The long haul from humble beginnings to mega-media controversy. It’s something I never thought I’d see when I joined up as an editor here at the GTA Network, yet here it is – big bold headlines around the world blasting Rockstar Games and GTA over a rather minor fan-made modification. However, all is not sour here in the world of Grand Theft Auto fandom.
Today, the New York Times published their report covering the drama surrounding the Hot Coffee mod, and even though it’s a few days behind the initial reports, it’s nevertheless a great read – quite possibly the most fair and balanced one I’ve read thus far from the press.
In taking on the Grand Theft Auto series, Mr. Yee was going after a well-known target. “This particular game has been known to include extremely heinous acts of violence,” his statement said, “and now it has been uncovered that the game also includes explicit sexual scenes that are inappropriate for our children.”
Grand Theft Auto: San Andreas is not intended for younger children. It is rated M, or mature, for players 17 years and older. The national electronics store chains sell M-rated games, but tend to avoid adult-only titles.

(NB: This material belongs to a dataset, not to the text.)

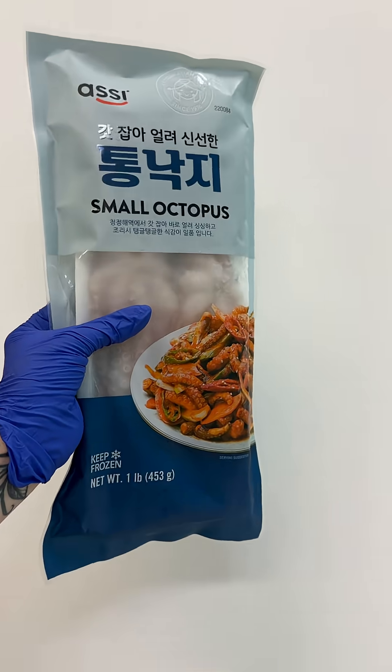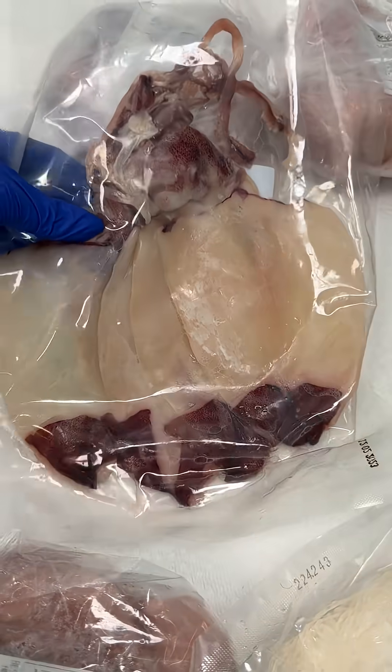First, we purchased the specimens already frozen from the grocery store, so don't worry — we did not catch these in the wild.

While I usually offer some sort of quip or rundown of the articles I report on, I think in this case you should just go ahead and read it yourself. Unlike some of the other reports that have been surfacing around the net lately, the one published by the New York Times gives us a nice look at both sides of the proverbial fence, without catering too much to either side.
Whether the publishers will be held responsible if they wrote, and then hid, the sexually graphic scenes is not clear. The sexually explicit scenes do not appear with a few keystrokes, as happens with software “Easter eggs” – typically names, messages or games hidden in programs. The graphic episodes in Grand Theft Auto cannot be rendered unless a user downloads the Hot Coffee code or a similar program.

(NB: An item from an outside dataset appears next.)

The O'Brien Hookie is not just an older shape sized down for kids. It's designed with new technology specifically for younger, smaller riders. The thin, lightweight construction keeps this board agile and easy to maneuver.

Finally, someone acknowledging the fact that you have to make a conscious effort to download the modification (and then install it) to even access the minigame! Not to mention that you then have to go into the game and spend time heading to the appropriate area to be able to play the minigame. Heck, it’s easier for a ten year old to mistakingly browse onto the (other, not-so-political) White House website.
Thanks on behalf of myself to Steve Lohr for reminding the rest of the world of the basics; Grand Theft Auto isn’t for kids, Rockstar wasn’t responsible for the modification, and the content isn’t available in any non-modified version of the game. I’m sure that the rest of the community feels the same way.